There are many brilliant aspects of Fleabag that could be invoked in the discussion of what makes the series a ‘classic’. The perverse tragicomedy is filled with intense, witty humour; brilliantly constructed, compelling characters; and an ingenious script which has been published under the name Fleabag: The Scriptures, reflecting the accomplished writing held within. However, I find the most important aspect of Fleabag to be its exploration of forgiveness, and the resulting demonstration of the diverse ways in which it can be given and received. This message, woven into each narrative thread, is what I believe makes Fleabag truly deserving of the ‘classic’ label.

Forgiveness in Fleabag is primarily explored through three of Fleabag’s most central relationships: her relationship with the Priest, with her sister Claire, and with herself.

Fleabag’s Priest represents a theological understanding of guilt and forgiveness. Given his commitment to the Catholic faith, the Priest suggests that the matter of forgiveness is unambiguous: confess and God will forgive you. However, throughout her encounters with the Priest, Fleabag begs the question: where does forgiveness come from in a world without God? This question is especially pertinent given that Fleabag confesses her dark secrets to the audience in series one, to no relief. It appears that Fleabag is drawn to the Priest and his understanding of guilt in her search for forgiveness, urging herself to understand the Priest’s Christian convictions. However, she and the Priest cannot reconcile their ways of life, and Fleabag cannot find forgiveness in his world.

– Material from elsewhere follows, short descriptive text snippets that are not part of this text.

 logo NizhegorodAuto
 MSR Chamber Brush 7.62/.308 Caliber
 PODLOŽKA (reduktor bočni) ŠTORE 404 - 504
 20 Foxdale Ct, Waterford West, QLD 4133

Throughout the series, Fleabag thinks very little of herself, valuing her worth according to her sex appeal

Fleabag’s relationship with her sister Claire represents a form of forgiveness that, if less straightforward than the Priest’s attitude, has a far more tangible effect on her life. The sisters are estranged at the end of series one, following Fleabag’s revelation that Claire’s chauvinistic husband Martin (Brett Gelman) tried to kiss her. Claire chooses to belief Martin, who denies such an act, stating that Fleabag is untrustworthy given her role in Boo’s death. At the start of series two, the sisters have not spoken for a year. However, as the first episode develops it becomes clear that the sisters have forgiven each other. This forgiveness is not represented conventionally, through an emotional apology, or a grand speech. Instead, the forgiveness is implicit, reflected in their actions throughout the episode: after months of no contact, when the sisters need each other for support and protection, they step up in an instant. Wordlessly communicating, as siblings do, they put aside their differences without a hint of resentment and break their year’s silence, looking out for each other above anything else. Forgiveness comes easily to the sisters, reflecting their unbreakable alliance as they stand united against the world.

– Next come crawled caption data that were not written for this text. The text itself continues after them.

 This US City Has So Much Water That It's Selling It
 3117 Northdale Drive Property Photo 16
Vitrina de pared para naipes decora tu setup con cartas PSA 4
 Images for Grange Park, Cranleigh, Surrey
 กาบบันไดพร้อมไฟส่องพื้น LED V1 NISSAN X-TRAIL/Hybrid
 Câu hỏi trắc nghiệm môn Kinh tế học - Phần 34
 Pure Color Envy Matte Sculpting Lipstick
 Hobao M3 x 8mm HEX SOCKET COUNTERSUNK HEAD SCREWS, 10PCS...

Despite these sources of forgiveness that surround Fleabag, her grief and guilt do not begin to diminish until she moves towards forgiving herself. Throughout the series, Fleabag thinks very little of herself, valuing her worth according to her sex appeal. She pushes away those who look to connect with her, believing that she is not worthy of a meaningful relationship, given how she destroyed her friendship with Boo. However, following her encounters with the Priest who, given his celibacy, helps her understand that she is valuable beyond the world of sex. She begins to look upon herself in a kinder light. It is through mending her relationship with herself that Fleabag is able to mend her relationship with others and create connections that endure. Fleabag moves towards forgiveness by acknowledging her worth, letting herself stand up for those she cares about and accepting the inevitability of mistakes and the permissibility of moving past them: “People make mistakes. That’s why they put rubbers on the ends of pencils,”. Given this portrayal of introspective forgiveness, Fleabag delivers a powerful story about personal growth and self-love.

Waller-Bridge delivers a masterclass in beautiful, concise writing. Fleabag will not waste a second of your time as it encourages you to appreciate how you should love yourself and others. Like the Priest said, “We must choose the right place to put our love.”